# [SECURITY] Allgemeiner BASH Exploit - Linux Updates einspielen



## Till (24. Sep. 2014)

Für alle die es noch nicht gesehen haben: Es ist mal wieder ein GAU im Linux Bereich passiert, es wurde ein Lücke in der BASH Shell gefunden und diese ist über das Netz ausnutzbar. Da BASH auf fast allen Systemen installiert ist, gibt es hier dringenden Handlungsbedarf.
Mehr Infos:
http://permalink.gmane.org/gmane.linux.debian.user.security.announce/3194
http://www.csoonline.com/article/26...ity/remote-exploit-in-bash-cve-2014-6271.html


----------



## nowayback (25. Sep. 2014)

http://www.heise.de/open/meldung/Ba...nden-2403607.html?wt_mc=rss.open.beitrag.atom



> *Bash-Lücke: ShellShock ist noch nicht ausgestanden*
> *
> Die Sicherheitslücke in der Linux-Shell Bash, die nun unter dem Namen "ShellShock" firmiert, wird bereits als der schlimmere Bruder von Heartbleed bezeichnet. Sicher ist, dass der am Mittwoch ausgelieferte Patch weitere Lücken enthält.*


----------



## Till (25. Sep. 2014)

Na super...


----------



## F4RR3LL (26. Sep. 2014)

Für Debian (und vermutlich auch die anderen OS) gibts n neues Update 
bash 4.2+dfsg-0.1+deb7u3
Das schließt nun hoffentlich die Lücken.

Gruß Sven


----------



## nowayback (26. Sep. 2014)

Paket sieht gut aus und sollte nun "sicher" sein.


----------



## bobbybackblech (26. Sep. 2014)

Hier ist auch noch einmal eine URL, wo man seine Seite direkt prüfen kann:
http://shellshock.brandonpotter.com/


----------



## nowayback (27. Sep. 2014)

> *Weitere Fehler nach RedHat-Analyse*
> Am Donnerstag wurde auf der Mailingliste OSS-Security von einem RedHat-Entwickler auf zwei weitere mögliche Fehler im Funktionsparser von Bash hingewiesen. Es handelt sich zum einen um einen fehlerhaften Array-Zugriff bei vielen Umleitungen, der unabhängig von Todd Sabin und von RedHat-Entwicklern entdeckt wurde. Dieser Fehler hat inzwischen die ID CVE-2014-7186.
> 
> Einen weiteren fehlerhaften Speicherzugriff gibt es bei der Verschachtelung von Schleifen. Dieser Fehler wurde ebenfalls von RedHat entdeckt und hat die IDCVE-2014-7187. Bislang ist unklar, ob sich diese Lücken ausnutzen lassen, es erscheint aber im Moment so, dass diese ebenso wie der von Tavis Ormandy entdeckte Bug nur ein vergleichsweise geringes Risiko darstellen.
> ...


Quelle: http://www.golem.de/news/shellshock-immer-mehr-luecken-in-bash-1409-109483.html


https://github.com/hannob/bashcheck

Wer sein System testen will, kann es ja mal damit versuchen


Wir haben firmenintern bash erstmal verbannt. Muss eben dash vorerst herhalten.


----------



## nowayback (28. Sep. 2014)

möglicherweise ist xenserver (basierend auf redhat) hier auch betroffen... wir stellen vermehrt angriffe darauf fest. genaue details kann ich derzeit nicht nennen, aber wer einen solchen server betreibt, möge bitte die augen offen halten.


----------



## Till (28. Sep. 2014)

Danke für den Hinweis! Die Bash steckt ja fast überall drin, auch an stellen wo man es nicht auf den ersten Blick vermutet.
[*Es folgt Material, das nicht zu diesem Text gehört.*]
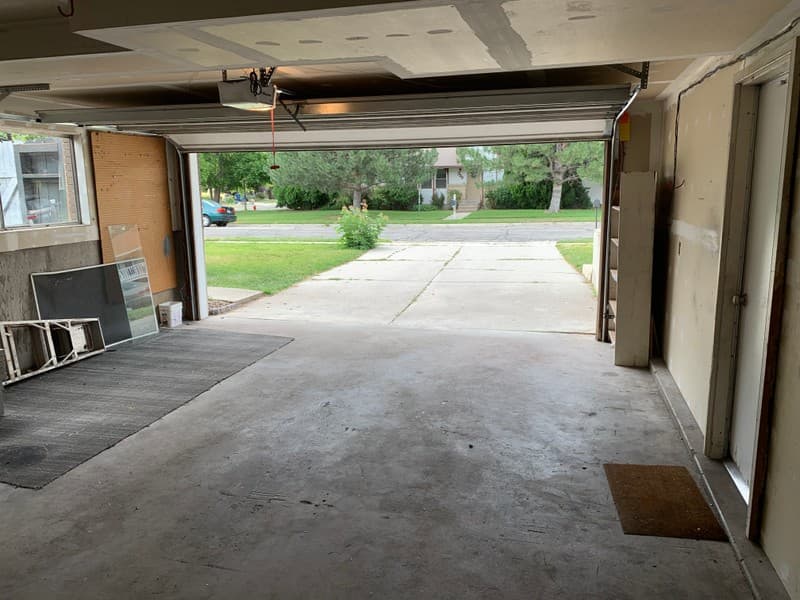 Sandy House: 798 E Scirlein Dr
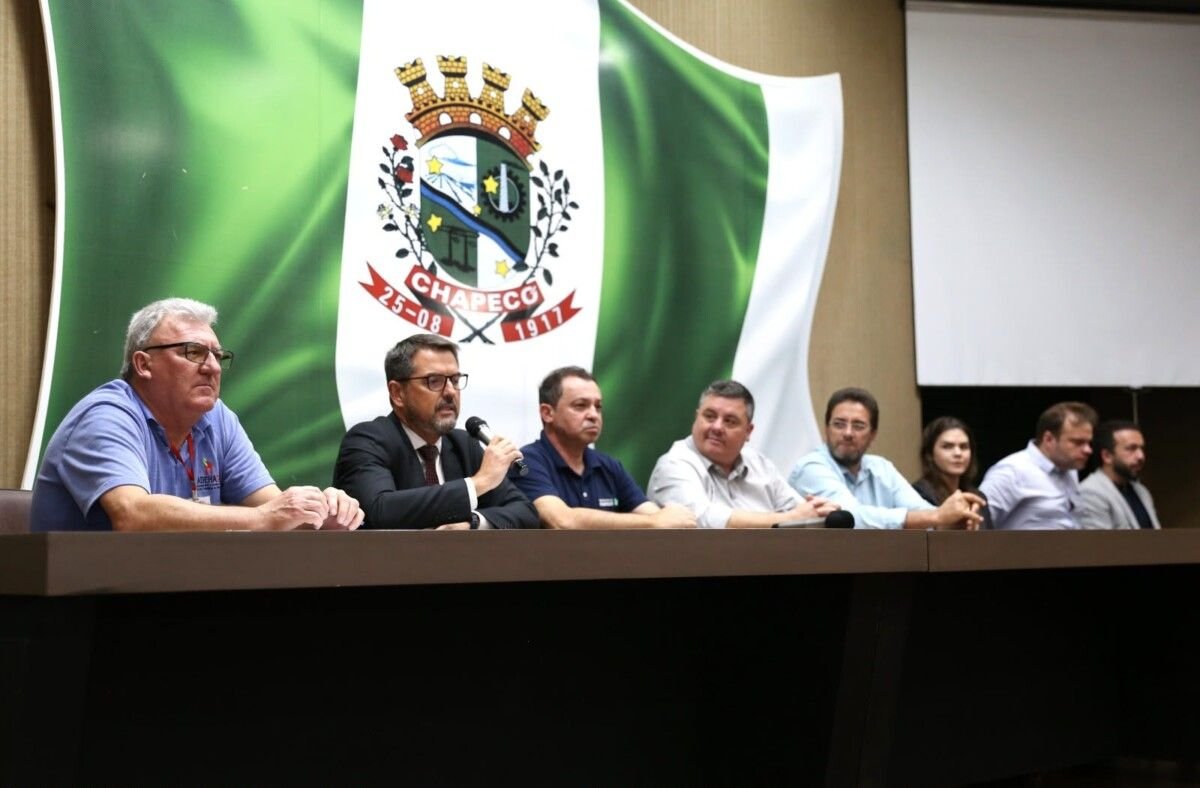 Chapecó entrega 71 matrículas de imóveis e garante propriedade definitiva a famílias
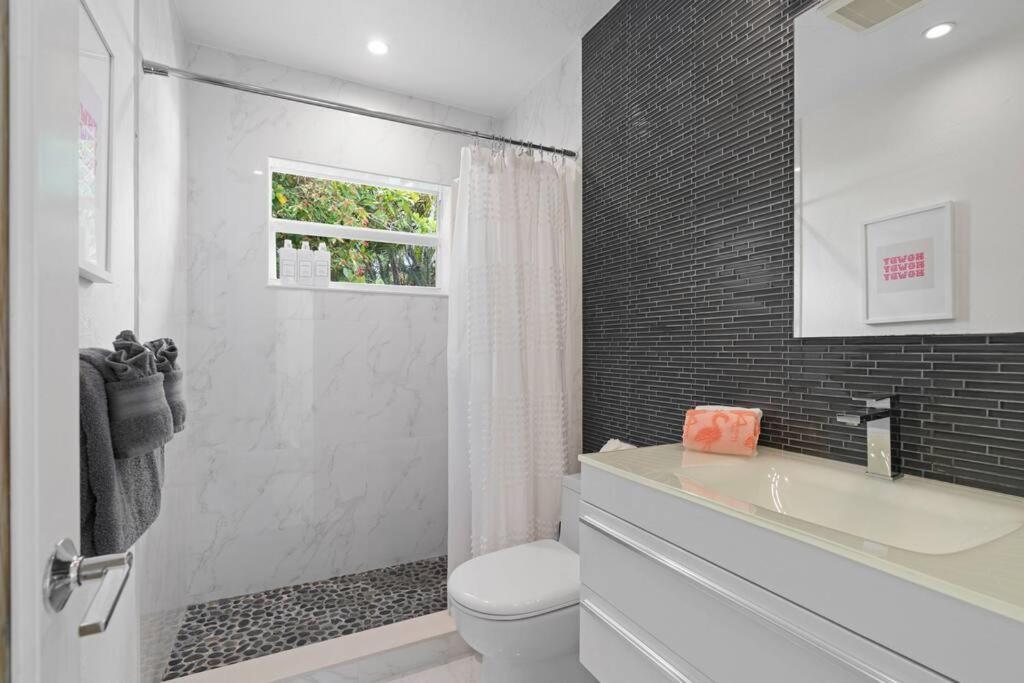 Waterfront-Heated Pool-Mini Golf-Game Room-2Mi Beach Fort Lauderdale Esterno foto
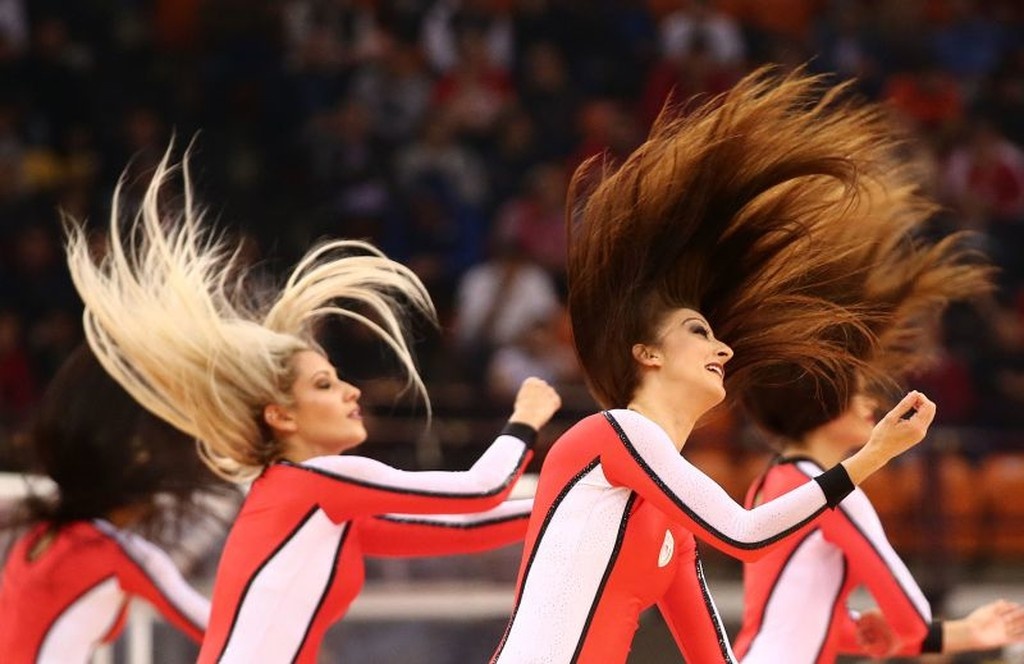 Τα σέξι κορίτσια του ΣΕΦ στο Ολυμπιακός – Ρεάλ Μαδρίτης (photos)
Für alle die einen ISPConfig Server betreiben und keine CGI Scripte nutzen würde ich empfehlen mod_cgi zu deaktivieren. Für php (fcgi, fpm und auch das alte mod_php) braucht Ihr das nicht. Unter Debian und Ubuntu geht es so:

a2dismod cgi
/etc/init.d/apache2 restart


----------



## logifech (28. Sep. 2014)

Gibt es ne Möglichkeit von der BASh zur DASH zu wechseln, natürlich soll meien ISPConfig multi serve rinstallation weiterhin funktionieren?


----------



## Till (28. Sep. 2014)

Das müsste wahrscheinlich gehen. hab ich aber nicht getestet. Die Umstellung auf bash erfolgt vor allem weil sich einige Programme mit dash nicht kompilieren lassen.


----------



## logifech (28. Sep. 2014)

Achso, ok ich dneke Ich werd alles so lassen mit dem Update dürfte es wohl nicht mehr so eien schwere sicherheitslücke sein?


----------



## F4RR3LL (28. Sep. 2014)

Also nach den letzten updates und den noch vorhandenen Fehlern sollte man mal die Kirche im Dorf lassen. Der Einstiegsbug war krass, der ist behoben. Nun sind noch Fehler vorhanden, die zwar ausgemerzt gehören, für Ottonormal IRC Bot Betreiber keinen Wert haben. Von daher.... cool down 

Gruß Sven


----------



## nowayback (28. Sep. 2014)

so würde ich das nicht sehen. ein fehler soll noch aus der ferne ausnutzbar sein. von daher kann es nicht schaden vorsicht walten zu lassen


----------



## logifech (29. Sep. 2014)

Was würdet ihr den Vorschlagen lieber von der Bahn zur Dash wechseln oder bei der Bash bleiben und abwarten wie sich das Thema entwickelt?


----------



## F4RR3LL (29. Sep. 2014)

Ich schau mir die Entwicklung an. 
Für den letzten evtl remote nutzbaren Fehler gibts ja noch nicht so viel Input.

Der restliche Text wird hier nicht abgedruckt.